BRIEF: Leave the pictures out. Retype exactly the lines below from the one containing "Hello everybody, I'm" through the one containing "Now that we've", and no others.

(Extracted data entries)
---

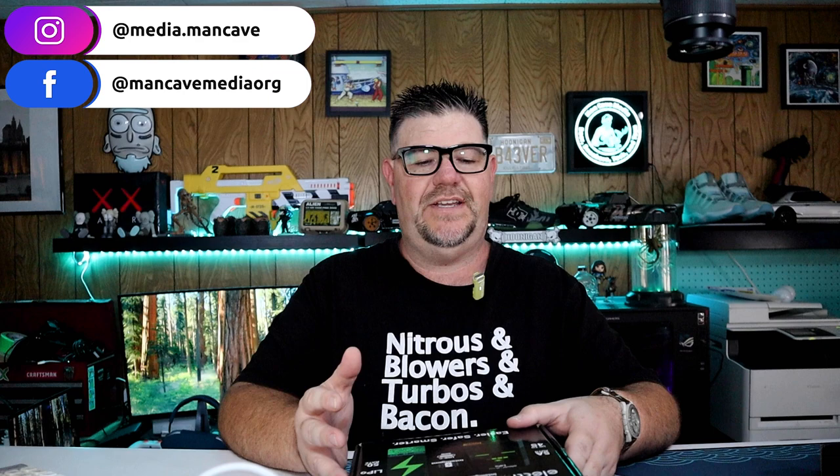Welcome to ManCave Media. Today we are checking out a LiPo battery charger. I was recently in the market for a charger that was easier for my kids to use when I'm not home. My current charger is pretty feature-rich with a lot of options and bells and whistles, and it's very intimidating for a young child to use. So I was looking for something my kids can use while I'm at work and they want to play with the RC car when I'm not home to help them charge the battery.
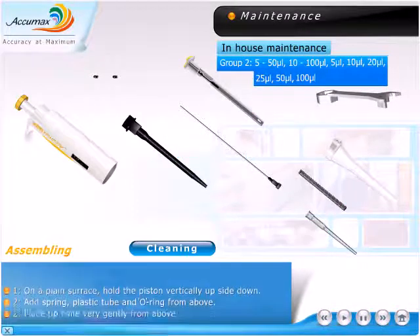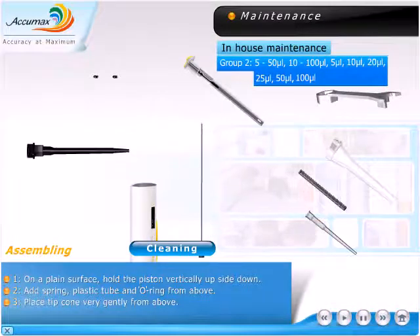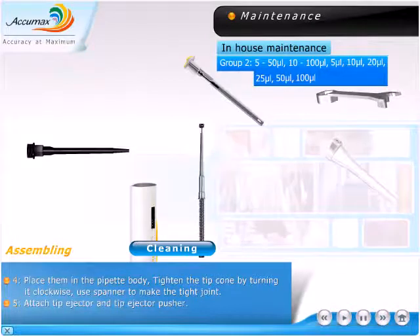Assembling. On a plain surface, hold the piston vertically upside down. Add spring, plastic tube, and o-ring from above. Place the tip cone very gently from above.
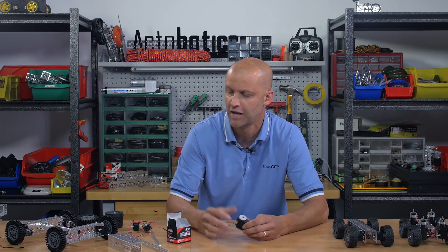Hello everybody, I'm Brian with Servo City and I'm back to show you a whole range of brand new products we have for you today. So let's start right out.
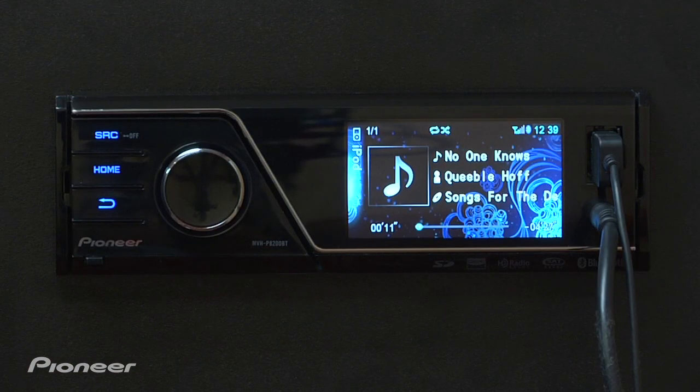Now that we've selected iPod as a source — because it's USB — we're able to turn Advanced Sound Retriever on and off, and also make the adjustments between Level 1 and Level 2.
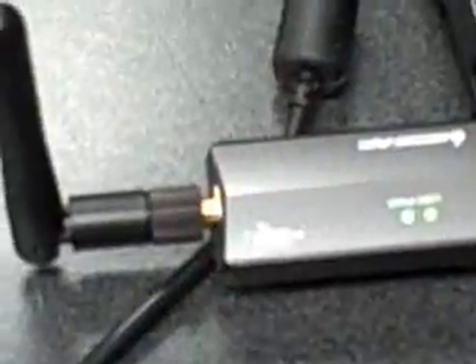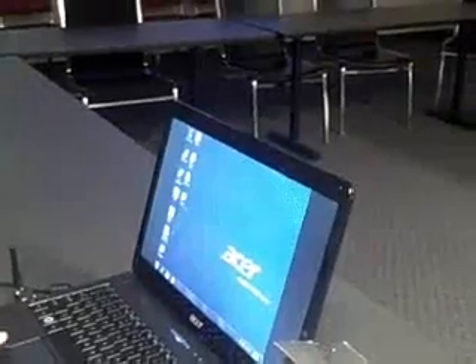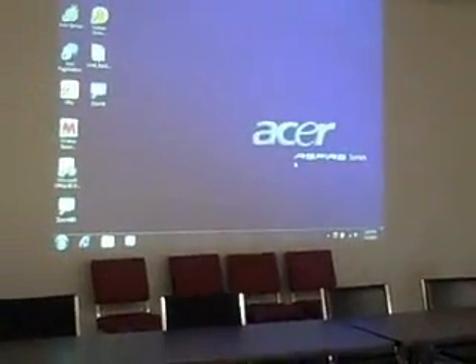Hello, my name is Ryan G and I am here to introduce you to the IOG Wireless USB to VGA adapter. I can project any screen to a monitor or projector. On my laptop with Windows 7, you can see what I'm seeing on the projector, reaching 80 feet away.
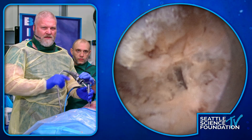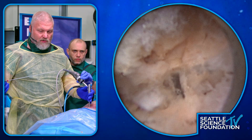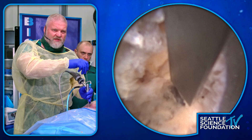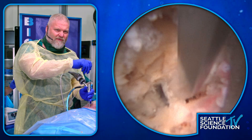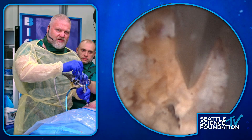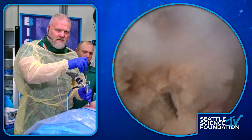All right, so this looks like some bone here — I have no idea where we are. It looks like Chole was doing some trimming, so this is sort of whatever level this is at — this is like the leading edge of the lamina here, with the ligament attaching right here.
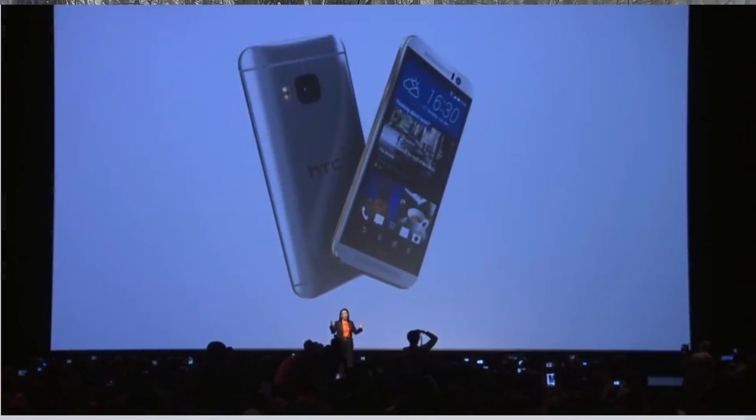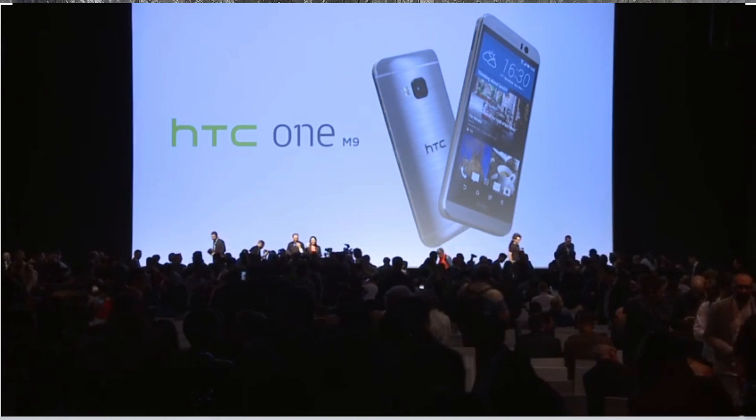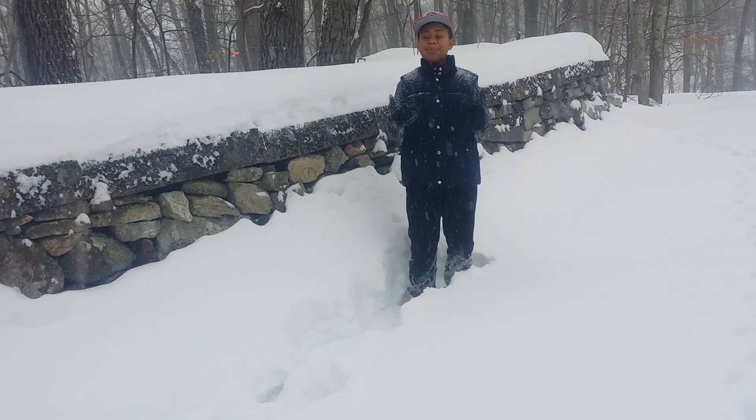We're looking at a new 20.7 megapixel camera that shoots full 4K video, as well as a new 1.7GHz quad-core CPU and a 2GHz quad-core CPU, as well as 3GB of RAM under the hood. We have the Adreno 430 coming packed inside of this as well, meaning that this is going to be a powerful smartphone.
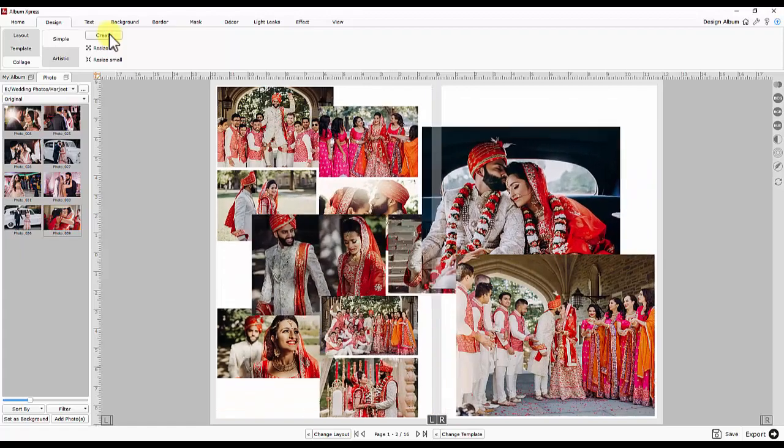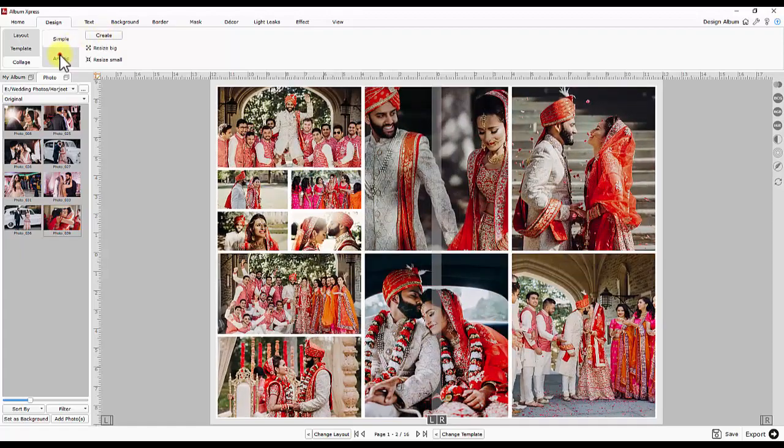The simple collage gets ready. Artistic collage has more attributes like outline, shadows, and colorize. There are also controls to manage the photo rotation.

---

ANSWER AREA:
Hello everybody, I'm Brian with Servo City and I'm back to show you a whole range of brand new products we have for you today. So let's start right out.
Now that we've selected iPod as a source — because it's USB — we're able to turn Advanced Sound Retriever on and off, and also make the adjustments between Level 1 and Level 2.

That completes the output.